Bob Labick : Good afternoon. Congratulations on continued strong performance.
Jeff Liaw: Thanks Bob.
Leah Stearns: Thanks Bob.
Bob Labick : I wanted to start with Purple Wave. It’s an exciting announcement you made I guess last month, and obviously you talked a little bit about it. But maybe you could talk – discuss further what Copart brings to the relationship in addition to obviously to capital. And what are the key goals of the investment, and how will you define success in three to five years?

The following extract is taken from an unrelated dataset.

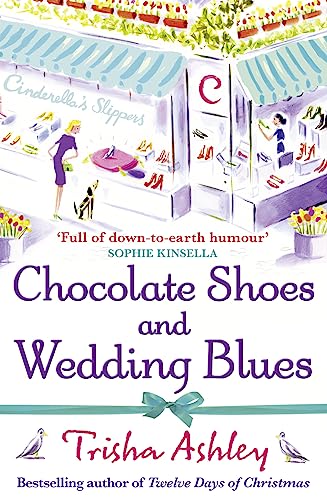 Chocolate Shoes and Wedding Blues book cover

Jeff Liaw : Got it. Well Bob, as you know, having followed us for a while, we’ve talked in the past on multiple occasions about our potential interest in parlaying our expertise in managing high-volume digital auctions, parlaying that expertise into other arenas, including for industrial construction and agricultural equipment. We’ve actually said that specifically. And as you know, those kinds of expansions have had to clear a very high bar in the past. We invested or acquired National Power Sports Auctions in 2017 and have been very careful or disciplined about extending beyond that before and since. We’ve known Aaron and Suzy forever, literally before I arrived at Copart myself, and we have tremendous respect for the community and the business that they and their team have built.

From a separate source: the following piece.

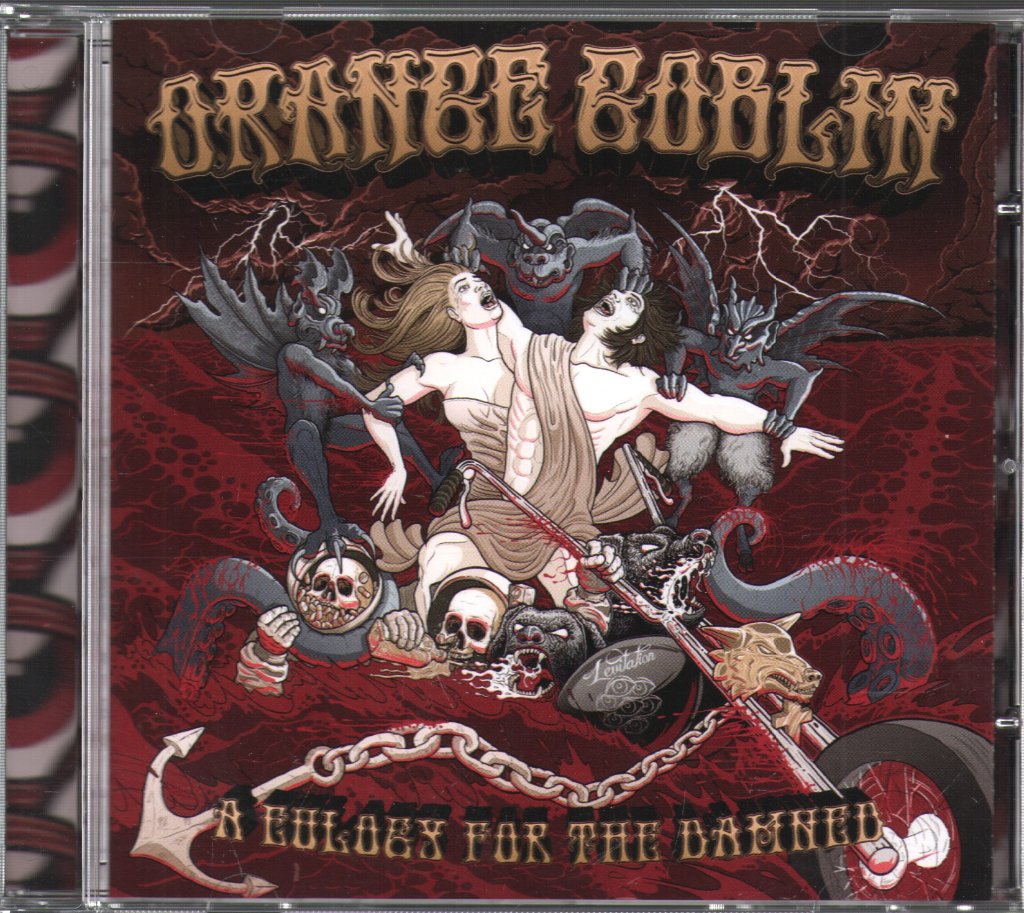 Orange Goblin - A Eulogy For The Damned - Cd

As you noted, we’ll bring capital, expertise and relationships to help grow their business, and they, in turn, provide us with additional expertise in the equipment space, as MPA did in Power Sports as well. So we’ll measure growth as we – we’ll measure success or determine success as we do with our own core business. Are we able to grow it profitably to serve more buyers and sellers in a meaningful way over the course of the next five, 10 and 20 years?
Bob Labick : Okay, great. And then, obviously, you highlighted a lot of success. You have a lot of major initiatives going on or I guess just ongoing initiatives, including gaining market share in the insurance and salvage market, the acceleration and whole car market, Purple Wave, which we just talked about, and your international growth. How do you prioritize time and capital, and how would you rank the time and capital investments towards those initiatives, salvage market share gains, whole car acceleration, Purple Wave and international growth?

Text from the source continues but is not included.